Grocery store and union negotiators neared a deal Wednesday to end the California supermarket strike and lockout, according to people familiar with the talks.
A settlement could be reached as early as today, they said, although they cautioned that negotiators continued to struggle with certain aspects of the contract they were sketching out under the supervision of a federal mediator.
The deal on the table would trim supermarket employees’ health benefits and create a second tier of new workers who would earn less than those hired before the dispute began, according to sources who know the rough details of the proposed contract.
Negotiators for the UFCW and the companies -- Albertsons Inc., Kroger Co., which owns Ralphs, and Safeway Inc., the parent of Vons and Pavilions -- met into the night Wednesday.

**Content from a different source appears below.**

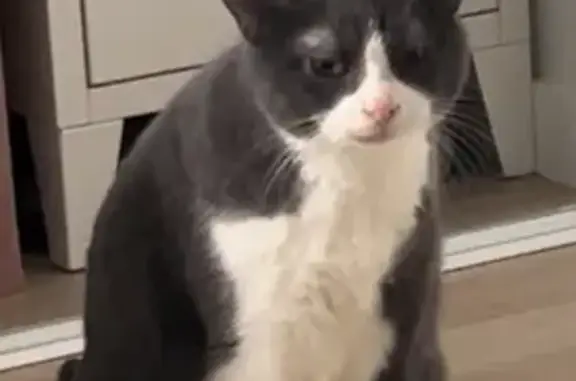 Chat perdu, Roanne, photo: Chat perdu, Rue Pavy, Roanne - mâle âgé et peureux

It was their 15th straight day of talks aimed at ending a dispute that has cost the companies combined sales of about $1.5 billion, inconvenienced millions of consumers and left tens of thousands of people without steady work for nearly five months.
Union and company executives said they couldn’t comment on any progress made, citing a news blackout imposed by Peter J. Hurtgen, head of the Federal Mediation and Conciliation Service. And the UFCW leadership urged the rank and file not to leave their strike posts.
“Do not be misled by rumors or false information that a settlement has already been reached,” UFCW Local 770 in Los Angeles said on its website.
But word about a possible breakthrough raced up and down picket lines.
“I’m feeling cautious optimism,” said Ed Tillerson, a strike captain in Riverside County. “I’ve gotten my hopes up before and they have been crushed. I’m waiting for some good news.”
In Pacific Palisades, where strikers carried umbrellas along with their picket signs to fend off the rain, the buzz had started late Tuesday, when an official from UFCW Local 1442 left a message on the union hotline saying he hoped to have “good news” to report Wednesday. Stories fast made the rounds: One picket captain in the Inland Empire told his troops that the UFCW was arranging to rent meeting space that could serve as a polling place for union voters Saturday and Sunday.
“There have been rumors since Day One,” said Kim Mosher, a union representative for Local 770. “Until I see something in writing, I’m not going to get my hopes up.”
Any new contract would have to be ratified by union members.
At the daily sessions of the latest round of talks that started Feb. 11, the two sides have come to terms on key issues, the sources said. The UFCW has accepted the two-tier system under which newly hired employees would receive lower wages and lesser benefits than the 59,000 union members in Central and Southern California who were idled when the strike and lockout began, people close to the talks said.
Sources also said the two sides were considering a wage hike for employees hired before the dispute began, or at least providing them with two lump-sum payments during the contract. In the last formal offer from the companies, made Dec. 2, there was no pay increase.
Under the contract that expired last year, a top-scale cashier earned $17.90 an hour, and more on Sundays and holidays. Under that contract, according to the union, the average grocery worker earned $13 an hour and didn’t put in a 40-hour week.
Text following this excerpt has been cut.